Nel 2018 è stato registrato il numero più basso di esecuzioni di pena capitale da almeno un decennio a questa parte, con una diminuzione di quasi un terzo rispetto all’anno precedente. Lo rileva il rapporto globale sulla pena di morte pubblicato ieri da Amnesty International, in cui sono prese in esame le esecuzioni in tutto il mondo.
In totale 690 le persone giustiziate in 20 Paesi, contro le 993 del 2017. Si tratta di un calo del 31%. Anche il numero di condanne sta calando ma in maniera più esigua: si è passati da 2 591 a 2 531 condanne.
Secondo l’ong internazionale, la maggior parte elle esecuzioni ha avuto luogo, nell’ordine, in Cina, Iran, Arabia Saudita, Vietnam e Iraq. Ancora una volta, spiegano i relatori del report, il maggior numero di detenuti e’ stato messo a morte in Cina. È però impossibile ottenere cifre precise sull’applicazione della pena capitale nel Paese poiche’ i dati sono considerati segreto di stato. Pertanto, tiene a sottolineare Amnesty, la cifra di almeno 690 persone messe a morte in tutto il mondo non comprende le migliaia di esecuzioni che si ritiene probabilmente abbiano avuto luogo in Cina.

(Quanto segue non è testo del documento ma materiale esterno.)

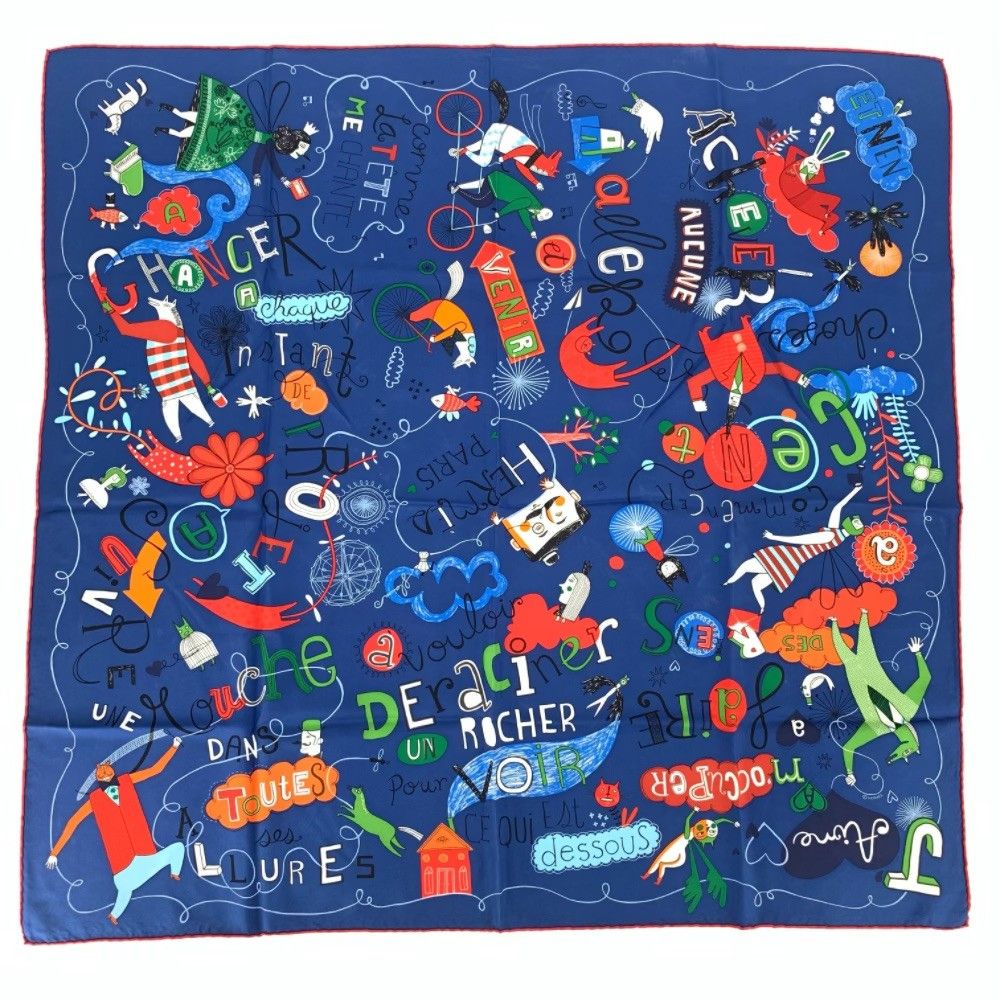 Hermes Carre 90 les Confessions White Blue Scarf Silk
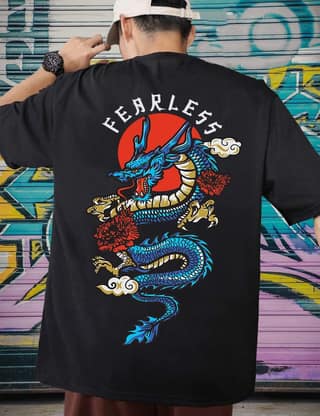 SCOTT FINCHER Men's Fearless Dragon Graphic T-Shirt : AA(ARN)BLACK_164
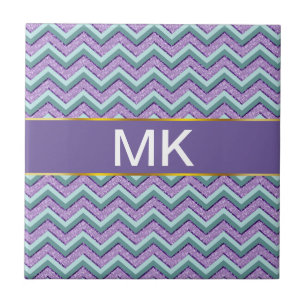 Aquamarin und Amethyst ZigZag Fliese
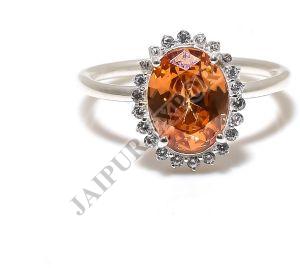 Sterling Silver Oval Shape Golden Topaz Gemstone Ring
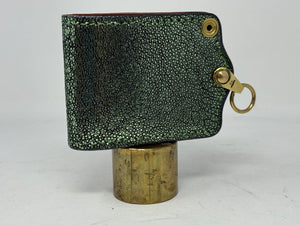 Anvil 5G Bifold Leather Chain Wallet - Metallic Emerald Stingray - Anvil Customs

Escludendo la Cina, il 78% di tutte le esecuzioni registrate nel mondo hanno avuto luogo in soli quattro paesi: Iran, Arabia Saudita, Vietnam e Iraq. Tuttavia Iran e Iraq fanno registrare una netta riduzione delle esecuzioni.
Da sottolineare che a dicembre, nel corso dell’Assemblea generale delle Nazioni Unite, 121 stati (un numero senza precedenti) hanno votato a favore di una moratoria globale sulla pena di morte, cui si sono opposti solo 35 stati.
In questo contesto globale positivo, l’Africa sta progredendo e la situazione sembra promettente. In generale nel continente la condanna alla pena capitale è ancora molto frequente, ma si esegue molto meno. Nel 2018, il 39% delle condanne a morte nel mondo sono avvenute in Africa, ma solo 67 sono state effettivamente eseguite in cinque paesi africani, meno del 10% del totale globale. Solo in Sud Sudan le esecuzioni sono aumentate (7 nel 2018), ma la Somalia resta il peggior boia con 13 casi.
Nel continente nel suo complesso, le condanne a morte sono scese da 1280 a 997, nonostante ci sia stato un aumento del 78% registrato in Egitto (71 da almeno 402 nel 2017 ad almeno 717 nel 2018). Per Amnesty la causa è legata all’attitudine delle autorità egiziane di emettere condanne a morte in massa “al termine di processi gravemente iniqui, basati su “confessioni” estorte con la tortura e nel corso di interrogatori di polizia irregolari”. Sotto la regione Sahelo-Sahariana, fortunatamente, il numero delle condanne è diminuito drasticamente, da 878 a 212 tra il 2017 e il 2018, grazie in particolare al calo ingente registrato in Nigeria.
Dei 55 paesi membri dell’Unione Africana (UA), 19 hanno abolito la pena di morte per tutti i crimini. Gli ultimi stati che hanno cancellato la pena di morte del loro codice penale sono stati: il Rwanda nel 2007, il Burundi e il Togo nel 2009, il Gabon nel 2010, la Repubblica del Congo e il Madagascar nel 2015, il Benin nel 2016 e la Guinea nel 2017.
Inoltre, 17 paesi sono considerati abolizionisti “in pratica” per non aver giustiziato nessun condannato a morte da almeno dieci anni. Ciò non impedisce a questi paesidi continuare però a emettere sentenze, come Algeria (1 nel 2018), Marocco (10), Tunisia (12), Mauritania (3), Sierra Leone ( 4), Tanzania (4) e Zambia (21).
Ci sono poi ancora 15 paesi africani considerati non abolizionisti perché prescrivono la punizione definitiva per i crimini comuni.